Changement climatique et migrations: «Il y a des risques de conflits et de tensions dans les zones d’accueil»
MIGRANTS•Jacques Veron, directeur de recherche à l’Institut national d’études démographiques, revient sur les conséquences migratoires du changement climatique…Propos recueillis par Olivier Philippe-Viela
À l’occasion de la conférence de Bonn de 2017 sur les changements climatiques, dit COP23, qui s’achève vendredi en Allemagne, Jacques Veron, directeur de recherche à l’Institut national d’études démographiques, spécialiste des liens entre démographie et écologie, revient pour 20 Minutes sur les conséquences migratoires du changement climatique.
Faut-il s’attendre à une explosion du nombre de réfugiés climatiques ?
Benoît Hamon parlait pendant la présidentielle d’un milliard de personnes déplacées à l’horizon 2050. Sauf que non, c’est totalement irréaliste. Les chiffres qui circulent font état d’environ 25 millions de déplacés climatiques chaque année (23,5 millions en 2016 selon Oxfam). Il faut prendre également en compte la perception en fonction de la taille du pays : en 2015 par exemple, il y a eu des grandes inondations qui ont conduit à des déplacements très importants en Inde, mais dans les îles océaniennes, il y a eu numériquement beaucoup moins de déplacements. Or quand on rapporte à la population nationale, ça faisait 50 % de la population de l’île concernée.
Comment anticiper ces migrations ?
Ce n’est pas mécanique. Ce n’est pas parce qu’il se passe quelque chose que les gens partent.
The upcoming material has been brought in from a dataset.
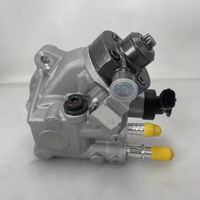 Pompa Bahan Bakar Diesel Common Rail Asli CP3 Baru Model 0 445 010 011 0 445 010 043 0 445 010 142 untuk Mercedes W166 W906 GL350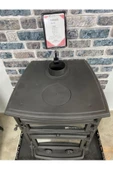 flamestove  Sirius Maxi Döküm Soba - Fs-011 thumbnail 3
Dans la majorité des cas, ce ne sont pas des déplacements très lointains, ça peut être un exil de deux cents mètres sur une colline. En outre, souvent les gens partent puis reviennent. Il y a une vulnérabilité croissante. Ce que l’on sait, c’est que les densités de population ont augmenté dans beaucoup de pays, dans des zones très exposées aux ouragans et aux cyclones. Même si l’ampleur de la catastrophe climatique ne changeait pas, il y a plus de gens qu’auparavant susceptibles d’en subir les conséquences.
Quelles sont les zones les plus à risque ?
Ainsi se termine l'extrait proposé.